• _Supplied material_:
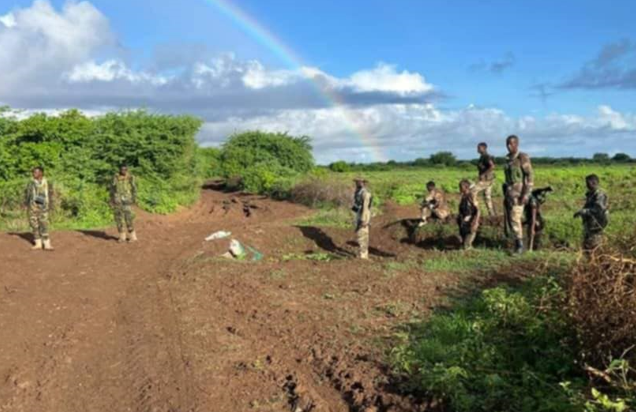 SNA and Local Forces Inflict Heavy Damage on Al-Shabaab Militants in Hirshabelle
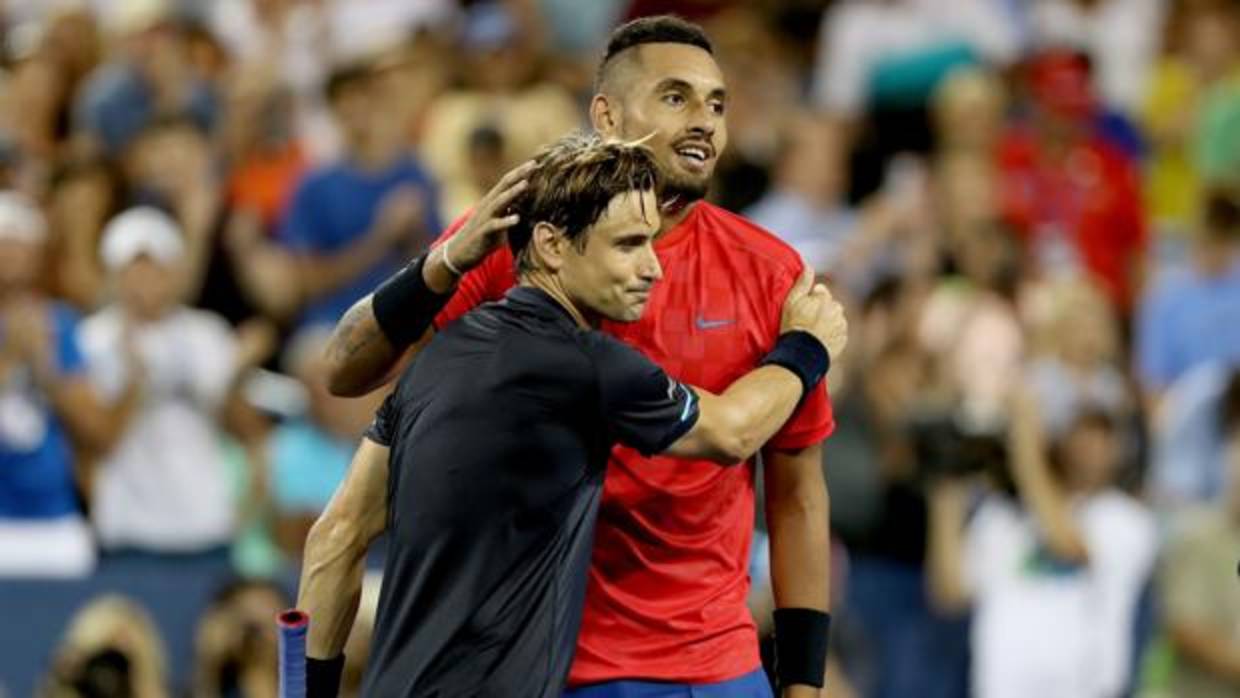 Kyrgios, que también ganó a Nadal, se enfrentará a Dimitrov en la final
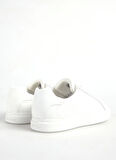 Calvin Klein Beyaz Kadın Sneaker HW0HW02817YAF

• _What is needed_: Every line of the data should be transcribed exactly. Omit the images.

• _Answer space_:
 SNA and Local Forces Inflict Heavy Damage on Al-Shabaab Militants in Hirshabelle
 Kyrgios, que también ganó a Nadal, se enfrentará a Dimitrov en la final
 Calvin Klein Beyaz Kadın Sneaker HW0HW02817YAF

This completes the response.